### WHAT IS NEEDED
Render every entry exactly as it appears.

** Opening RECORD EXTRACTS block **

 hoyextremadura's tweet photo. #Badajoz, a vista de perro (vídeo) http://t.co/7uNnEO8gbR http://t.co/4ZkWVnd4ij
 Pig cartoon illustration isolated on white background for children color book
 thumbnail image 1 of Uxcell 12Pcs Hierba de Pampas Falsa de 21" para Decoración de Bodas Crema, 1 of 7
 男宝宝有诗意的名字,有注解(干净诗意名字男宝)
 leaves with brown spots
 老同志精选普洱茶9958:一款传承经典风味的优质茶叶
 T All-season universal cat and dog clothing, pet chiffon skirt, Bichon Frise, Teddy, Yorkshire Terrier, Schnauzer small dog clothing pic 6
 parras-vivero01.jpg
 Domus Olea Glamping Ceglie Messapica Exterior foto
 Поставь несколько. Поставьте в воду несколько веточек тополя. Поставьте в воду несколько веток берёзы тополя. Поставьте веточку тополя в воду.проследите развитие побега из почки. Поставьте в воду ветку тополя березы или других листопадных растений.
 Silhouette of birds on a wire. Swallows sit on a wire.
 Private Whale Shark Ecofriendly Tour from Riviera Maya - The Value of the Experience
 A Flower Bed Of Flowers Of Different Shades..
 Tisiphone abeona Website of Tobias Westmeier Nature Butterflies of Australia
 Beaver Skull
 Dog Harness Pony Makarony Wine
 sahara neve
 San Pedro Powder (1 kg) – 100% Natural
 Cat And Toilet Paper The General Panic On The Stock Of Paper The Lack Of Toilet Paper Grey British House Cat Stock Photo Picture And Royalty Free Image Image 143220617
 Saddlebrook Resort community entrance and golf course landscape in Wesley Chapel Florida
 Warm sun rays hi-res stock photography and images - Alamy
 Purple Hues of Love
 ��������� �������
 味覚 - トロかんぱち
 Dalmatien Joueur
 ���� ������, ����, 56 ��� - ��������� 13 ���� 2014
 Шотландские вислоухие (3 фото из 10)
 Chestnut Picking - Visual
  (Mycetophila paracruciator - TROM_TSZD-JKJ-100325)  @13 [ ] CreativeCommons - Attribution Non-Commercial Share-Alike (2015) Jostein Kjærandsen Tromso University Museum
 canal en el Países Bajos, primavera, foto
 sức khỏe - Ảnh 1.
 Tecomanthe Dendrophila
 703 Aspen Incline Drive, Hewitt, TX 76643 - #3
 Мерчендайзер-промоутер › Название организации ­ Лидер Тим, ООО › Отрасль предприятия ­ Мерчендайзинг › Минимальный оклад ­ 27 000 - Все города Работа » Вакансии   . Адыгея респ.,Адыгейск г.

** Closing RECORD EXTRACTS block **

### EXPECTED OUTPUT
 hoyextremadura's tweet photo. #Badajoz, a vista de perro (vídeo) http://t.co/7uNnEO8gbR http://t.co/4ZkWVnd4ij
 Pig cartoon illustration isolated on white background for children color book
 thumbnail image 1 of Uxcell 12Pcs Hierba de Pampas Falsa de 21" para Decoración de Bodas Crema, 1 of 7
 男宝宝有诗意的名字,有注解(干净诗意名字男宝)
 leaves with brown spots
 老同志精选普洱茶9958:一款传承经典风味的优质茶叶
 T All-season universal cat and dog clothing, pet chiffon skirt, Bichon Frise, Teddy, Yorkshire Terrier, Schnauzer small dog clothing pic 6
 parras-vivero01.jpg
 Domus Olea Glamping Ceglie Messapica Exterior foto
 Поставь несколько. Поставьте в воду несколько веточек тополя. Поставьте в воду несколько веток берёзы тополя. Поставьте веточку тополя в воду.проследите развитие побега из почки. Поставьте в воду ветку тополя березы или других листопадных растений.
 Silhouette of birds on a wire. Swallows sit on a wire.
 Private Whale Shark Ecofriendly Tour from Riviera Maya - The Value of the Experience
 A Flower Bed Of Flowers Of Different Shades..
 Tisiphone abeona Website of Tobias Westmeier Nature Butterflies of Australia
 Beaver Skull
 Dog Harness Pony Makarony Wine
 sahara neve
 San Pedro Powder (1 kg) – 100% Natural
 Cat And Toilet Paper The General Panic On The Stock Of Paper The Lack Of Toilet Paper Grey British House Cat Stock Photo Picture And Royalty Free Image Image 143220617
 Saddlebrook Resort community entrance and golf course landscape in Wesley Chapel Florida
 Warm sun rays hi-res stock photography and images - Alamy
 Purple Hues of Love
 ��������� �������
 味覚 - トロかんぱち
 Dalmatien Joueur
 ���� ������, ����, 56 ��� - ��������� 13 ���� 2014
 Шотландские вислоухие (3 фото из 10)
 Chestnut Picking - Visual
  (Mycetophila paracruciator - TROM_TSZD-JKJ-100325)  @13 [ ] CreativeCommons - Attribution Non-Commercial Share-Alike (2015) Jostein Kjærandsen Tromso University Museum
 canal en el Países Bajos, primavera, foto
 sức khỏe - Ảnh 1.
 Tecomanthe Dendrophila
 703 Aspen Incline Drive, Hewitt, TX 76643 - #3
 Мерчендайзер-промоутер › Название организации ­ Лидер Тим, ООО › Отрасль предприятия ­ Мерчендайзинг › Минимальный оклад ­ 27 000 - Все города Работа » Вакансии   . Адыгея респ.,Адыгейск г.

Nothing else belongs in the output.